What I think is so clever about Joe Hill’s writing is how emotionally manipulative it is.  Not in an obvious ‘I’m writing about cancer and I know I’m trying to destroy you’ way but in a way that sneaks up on you.  There’s one character, for example, who doesn’t take a whole load of convincing to turn to a particularly vile life of crime, sacrificing whoever and whatever they’re told to on the back of a rather vague promise of a restful and rewarding “retirement”.  Honestly, we’re talking crimes that made me feel sick.  So imagine my surprise when, later on in the novel, I find myself feeling desperately sorry for said low life.  And not just a passing pang of sadness either, a gut-wrenching type of pity.  I had to check myself a few times and remind myself that this was still the very same person that had made me feel so disgusted and that I really needed to pull myself together.  There were other examples but that’s the one that I know will really stick with me.  The writing just seems to draw out whatever confusing emotion Hill wants you to feel at any given moment and it’s exhausting and deeply worrying but so, so worth it.

So the writing is brilliant and...different, somehow.  The chapters sometimes run together, for example, so that the last sentence of one chapter ends with the title of the next.  I felt like it should have been annoying but all it did was make the damn book even harder to put down.  The story is pretty surreal in a lot of ways but also manages to feel completely real.  I very much doubt that there are bikes that transport their owners across not-real-but-sort-of-real bridges and I am eternally grateful that magic Rolls Royce's aren't rolling around enabling all sorts of despicable crimes but I didn't feel like I was reading something that was completely fantastical.  Because there are people like Charlie Manx (albeit without the supernatural transportation) and there are people whose lives are destroyed by them.  There are people that see the world differently and struggle every day.  Hill's characters are full of contradictions and flaws and are completely believable and are what really tipped this book over from great to all out amazing for me.
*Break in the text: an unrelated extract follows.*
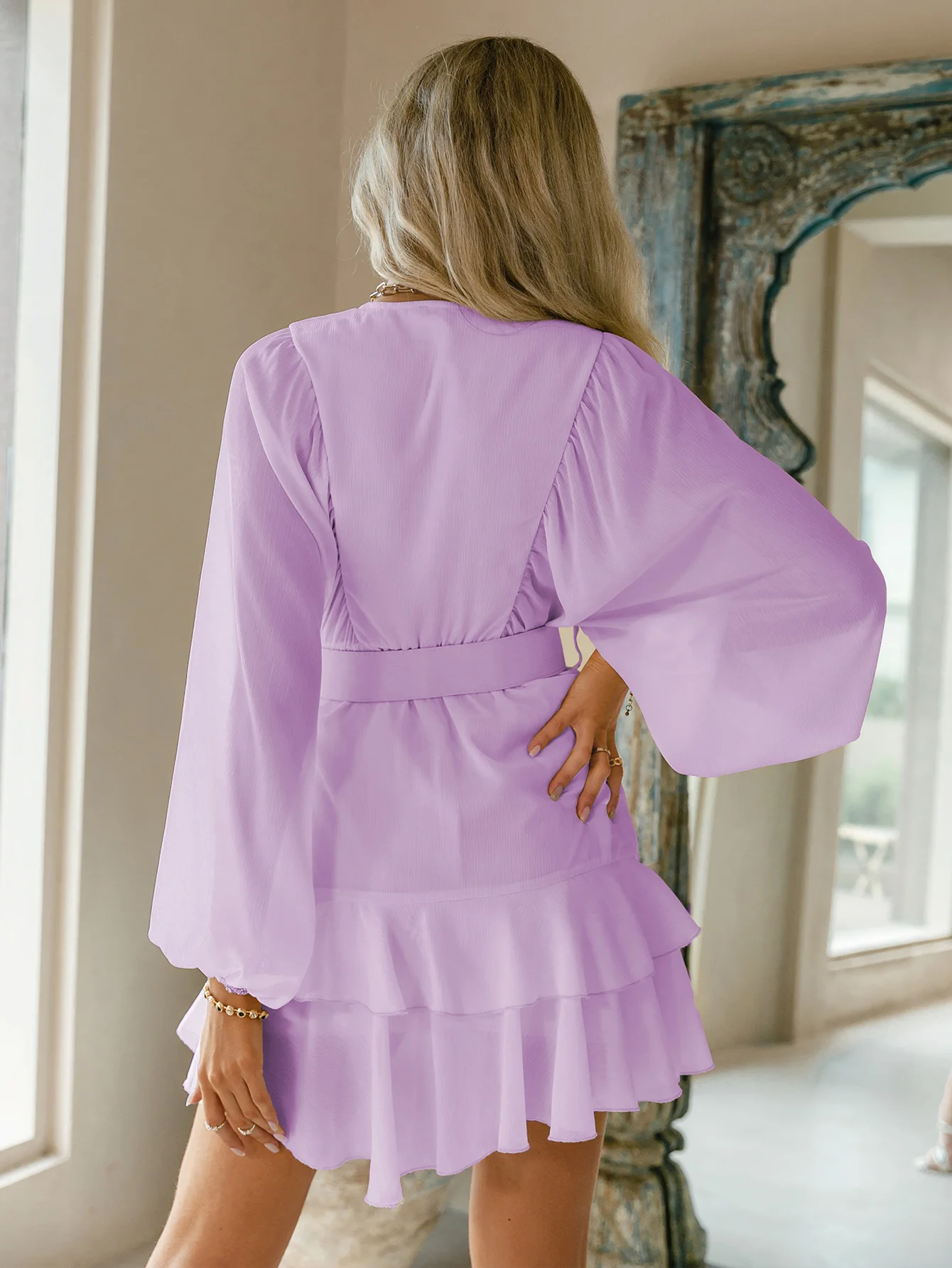 Simplee Belt blue plaid batwing long sleeve women dress summer Office ruffle shirt mini dress Casual button A-line mujer vestido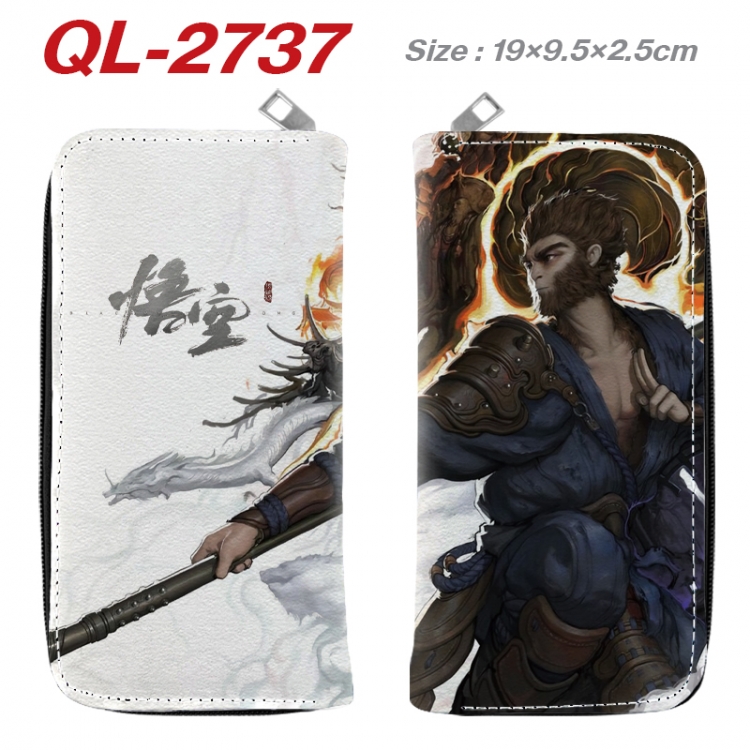 Black Myth Anime peripheral PU leather full-color long zippered wallet 19.5x9.5x2.5cm QL-2737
It felt like everybody was reading this in the run up to Christmas last year and in some ways I can see why.  It's the perfect antithesis to all of the good cheer, if that's what you're looking for.  It takes the Christmas songs, the decorations and the chocolate treats and distorts them.  But mostly, I think that Hanna was absolutely right - I can imagine that there's something...wrong about reading about the torment Christmas songs cause Vic while singing along to Rocking Around the Christmas Tree.  Sure, it'll make the experience of reading NOS4R2 that bit more disturbing but it might also take the shine off the tinsel for you.  What I'm saying is, there's no wrong time to read this book.  If you've been hanging on to a copy so that you can read in horror while children lose their souls to a sick version of your favourite holiday season, go nuts.  If you don't manage or want to squeeze it in before the end of the year, read it whenever you can.  Just make sure that you do read it.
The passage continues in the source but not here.